-------- SUPPLIED RECORDS --------

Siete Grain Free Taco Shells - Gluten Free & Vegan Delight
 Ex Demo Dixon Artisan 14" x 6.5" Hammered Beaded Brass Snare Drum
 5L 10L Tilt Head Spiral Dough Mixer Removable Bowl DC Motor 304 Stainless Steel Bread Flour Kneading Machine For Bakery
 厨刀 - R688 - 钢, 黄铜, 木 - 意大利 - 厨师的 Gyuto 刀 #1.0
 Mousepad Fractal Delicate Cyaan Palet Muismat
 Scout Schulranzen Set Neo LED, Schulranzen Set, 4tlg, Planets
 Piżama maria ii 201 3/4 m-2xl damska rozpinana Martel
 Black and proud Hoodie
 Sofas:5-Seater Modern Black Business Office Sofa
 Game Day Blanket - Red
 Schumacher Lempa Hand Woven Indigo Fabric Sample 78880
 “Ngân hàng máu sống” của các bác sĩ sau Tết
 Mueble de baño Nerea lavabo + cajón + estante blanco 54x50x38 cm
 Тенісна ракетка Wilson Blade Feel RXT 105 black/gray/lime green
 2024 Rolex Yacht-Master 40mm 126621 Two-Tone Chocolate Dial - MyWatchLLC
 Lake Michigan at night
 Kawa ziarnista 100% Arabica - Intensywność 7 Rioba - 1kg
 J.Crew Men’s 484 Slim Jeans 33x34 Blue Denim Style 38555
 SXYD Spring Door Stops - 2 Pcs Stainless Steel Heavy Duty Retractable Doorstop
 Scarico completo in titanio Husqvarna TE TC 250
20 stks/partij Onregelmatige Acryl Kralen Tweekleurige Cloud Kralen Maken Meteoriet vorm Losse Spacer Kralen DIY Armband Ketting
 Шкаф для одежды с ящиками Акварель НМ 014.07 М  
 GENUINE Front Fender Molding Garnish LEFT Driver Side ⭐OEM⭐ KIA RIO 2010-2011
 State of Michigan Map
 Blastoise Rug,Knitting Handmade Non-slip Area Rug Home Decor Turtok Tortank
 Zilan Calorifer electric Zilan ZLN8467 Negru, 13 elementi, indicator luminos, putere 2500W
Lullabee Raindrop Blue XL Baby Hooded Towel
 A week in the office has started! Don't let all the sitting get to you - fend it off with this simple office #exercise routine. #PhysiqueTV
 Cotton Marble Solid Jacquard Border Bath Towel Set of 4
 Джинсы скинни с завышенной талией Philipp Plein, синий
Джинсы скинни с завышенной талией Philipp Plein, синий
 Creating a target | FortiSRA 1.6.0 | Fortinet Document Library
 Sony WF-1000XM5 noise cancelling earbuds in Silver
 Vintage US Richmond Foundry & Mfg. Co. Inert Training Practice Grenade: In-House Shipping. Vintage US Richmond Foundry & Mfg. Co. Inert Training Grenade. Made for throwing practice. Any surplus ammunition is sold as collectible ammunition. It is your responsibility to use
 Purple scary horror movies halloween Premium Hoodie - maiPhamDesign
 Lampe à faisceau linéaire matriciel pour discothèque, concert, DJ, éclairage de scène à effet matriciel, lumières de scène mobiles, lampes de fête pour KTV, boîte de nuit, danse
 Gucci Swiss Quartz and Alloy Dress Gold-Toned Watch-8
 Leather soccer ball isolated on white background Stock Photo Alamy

--------

WHAT YOU NEED TO DO
Check the entries above line by line and return each one containing the word "талией".

RESULT
 Джинсы скинни с завышенной талией Philipp Plein, синий
Джинсы скинни с завышенной талией Philipp Plein, синий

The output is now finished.